Se envidia a los famosos porque tienen casas, lujo, dinero, mujeres. Nadie piensa en que no pueden parar; en que no les permiten que se paren; tienen que seguir mientras el cuerpo aguante. Julio Iglesias cumplió en septiembre setenta años. Yo pienso que en algunos momentos odiará ese dinero que no le permite comprar lo que antes tenía gratis, un poco de paz. La imagen que tengo de un jubilado es la de una persona, buena y sencilla, a la que todos le dicen que no aparenta la edad que tiene. El jubilado es la envidia de la juventud. Es como el héroe de una película de Hollywood. El jubilado que está en sus cabales es la alegría de los que viven a su lado. Si le gusta la fotografía, se compra una cámara y hace fotos a los nietos, a los árboles, a las puestas de sol y a todo lo que se cruza delante del objetivo. A la mujer no; él lo intenta, pero ella siempre sale con lo mismo:
—¿Tú estás bien de la cabeza?
—Pues yo no te veo mal —responde él—.
Y ella contesta:
—Anda, vete al parque a dar una vuelta, que cada día estás peor.
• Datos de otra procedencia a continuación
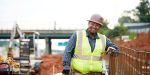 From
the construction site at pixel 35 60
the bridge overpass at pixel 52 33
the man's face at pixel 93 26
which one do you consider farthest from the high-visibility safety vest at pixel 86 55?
the bridge overpass at pixel 52 33

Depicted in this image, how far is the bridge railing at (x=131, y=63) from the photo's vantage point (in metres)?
7.96

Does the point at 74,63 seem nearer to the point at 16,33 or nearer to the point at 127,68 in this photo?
the point at 127,68

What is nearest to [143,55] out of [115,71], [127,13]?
[115,71]

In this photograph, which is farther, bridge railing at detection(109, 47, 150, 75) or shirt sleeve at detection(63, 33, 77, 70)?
bridge railing at detection(109, 47, 150, 75)

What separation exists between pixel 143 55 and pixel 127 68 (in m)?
2.59

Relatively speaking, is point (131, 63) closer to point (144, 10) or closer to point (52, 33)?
point (52, 33)

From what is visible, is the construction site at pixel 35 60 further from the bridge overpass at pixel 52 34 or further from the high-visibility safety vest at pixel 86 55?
the bridge overpass at pixel 52 34

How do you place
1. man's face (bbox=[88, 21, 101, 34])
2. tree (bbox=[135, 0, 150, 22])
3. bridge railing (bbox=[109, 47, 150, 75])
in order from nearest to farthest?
man's face (bbox=[88, 21, 101, 34])
bridge railing (bbox=[109, 47, 150, 75])
tree (bbox=[135, 0, 150, 22])

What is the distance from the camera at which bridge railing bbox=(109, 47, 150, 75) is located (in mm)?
7962

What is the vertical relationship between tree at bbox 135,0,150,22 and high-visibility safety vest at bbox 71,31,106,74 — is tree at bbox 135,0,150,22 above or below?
above

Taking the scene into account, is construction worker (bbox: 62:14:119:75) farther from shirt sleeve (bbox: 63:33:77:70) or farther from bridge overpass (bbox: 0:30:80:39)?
bridge overpass (bbox: 0:30:80:39)

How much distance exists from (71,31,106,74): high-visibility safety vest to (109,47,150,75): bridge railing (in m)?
1.00

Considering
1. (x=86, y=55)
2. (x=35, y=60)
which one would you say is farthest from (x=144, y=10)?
(x=86, y=55)

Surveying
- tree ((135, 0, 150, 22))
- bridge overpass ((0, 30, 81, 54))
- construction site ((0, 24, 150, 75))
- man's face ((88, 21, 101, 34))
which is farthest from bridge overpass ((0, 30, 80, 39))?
man's face ((88, 21, 101, 34)) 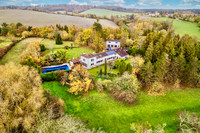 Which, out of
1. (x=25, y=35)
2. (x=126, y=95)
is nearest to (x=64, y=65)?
(x=126, y=95)

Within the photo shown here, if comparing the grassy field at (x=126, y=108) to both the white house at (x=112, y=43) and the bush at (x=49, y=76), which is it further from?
the white house at (x=112, y=43)

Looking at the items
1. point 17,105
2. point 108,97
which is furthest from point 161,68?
point 17,105

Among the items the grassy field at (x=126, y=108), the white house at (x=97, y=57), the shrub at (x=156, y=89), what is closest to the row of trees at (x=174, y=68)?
the shrub at (x=156, y=89)

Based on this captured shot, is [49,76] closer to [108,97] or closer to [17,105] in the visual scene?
[108,97]

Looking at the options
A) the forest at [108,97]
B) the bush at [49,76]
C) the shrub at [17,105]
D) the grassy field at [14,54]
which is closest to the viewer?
the shrub at [17,105]

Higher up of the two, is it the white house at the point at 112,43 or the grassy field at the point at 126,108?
the white house at the point at 112,43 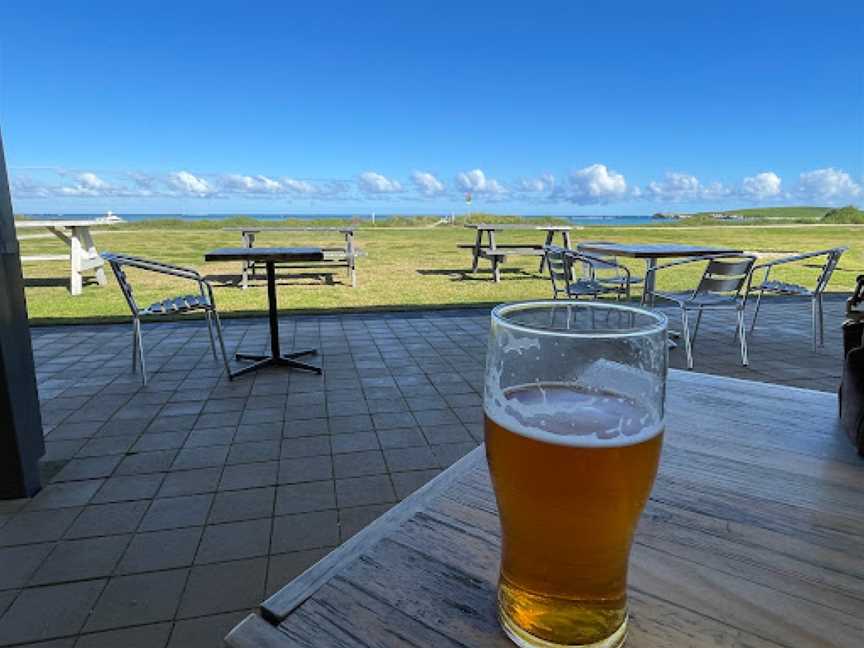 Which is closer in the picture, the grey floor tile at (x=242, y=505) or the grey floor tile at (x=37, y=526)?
the grey floor tile at (x=37, y=526)

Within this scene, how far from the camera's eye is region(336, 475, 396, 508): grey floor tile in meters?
1.97

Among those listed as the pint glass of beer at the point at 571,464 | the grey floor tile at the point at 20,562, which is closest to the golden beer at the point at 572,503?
the pint glass of beer at the point at 571,464

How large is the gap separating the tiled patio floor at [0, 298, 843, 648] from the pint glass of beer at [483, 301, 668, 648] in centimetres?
130

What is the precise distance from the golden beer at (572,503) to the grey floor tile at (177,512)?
5.91 feet

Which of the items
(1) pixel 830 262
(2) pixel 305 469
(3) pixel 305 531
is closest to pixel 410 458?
(2) pixel 305 469

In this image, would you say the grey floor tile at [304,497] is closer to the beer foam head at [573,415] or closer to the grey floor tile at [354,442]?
the grey floor tile at [354,442]

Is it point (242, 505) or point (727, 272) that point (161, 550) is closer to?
point (242, 505)

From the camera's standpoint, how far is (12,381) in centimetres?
196

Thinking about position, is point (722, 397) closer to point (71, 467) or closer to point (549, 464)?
point (549, 464)

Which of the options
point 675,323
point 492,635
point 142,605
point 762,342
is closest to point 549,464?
point 492,635

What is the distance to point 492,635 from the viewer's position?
38 cm

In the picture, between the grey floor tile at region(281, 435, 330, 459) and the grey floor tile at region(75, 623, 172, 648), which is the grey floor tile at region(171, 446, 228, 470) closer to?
the grey floor tile at region(281, 435, 330, 459)

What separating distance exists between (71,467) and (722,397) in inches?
102

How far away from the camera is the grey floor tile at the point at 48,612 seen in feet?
4.38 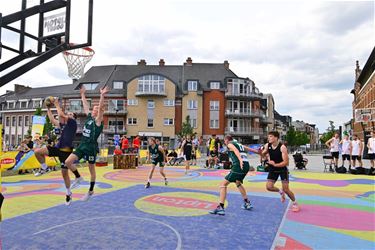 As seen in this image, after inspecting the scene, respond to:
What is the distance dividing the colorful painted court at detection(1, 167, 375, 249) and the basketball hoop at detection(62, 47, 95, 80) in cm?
408

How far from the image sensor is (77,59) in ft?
34.1

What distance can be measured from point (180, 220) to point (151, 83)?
45.9m

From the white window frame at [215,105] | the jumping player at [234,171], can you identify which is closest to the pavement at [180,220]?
the jumping player at [234,171]

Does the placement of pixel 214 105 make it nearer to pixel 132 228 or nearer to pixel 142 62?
pixel 142 62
Así son la mayoría de jubilados: nunca se aburren ni se meten con nadie. Se apuntan a un club ‑de tenis por ejemplo‑, discuten mil veces si la bola ha tocado la línea o se ha ido fuera; pero, después del partido, se sientan en la terraza a tomar una cerveza y a hablar de aquel examen que aprobaron gracias a un amigo; del capitán que les tocó en milicias; de aquella chavala tan joven que conocieron en Zaragoza; del primer trabajo; de sus nietos y de cómo crearon su propia empresa.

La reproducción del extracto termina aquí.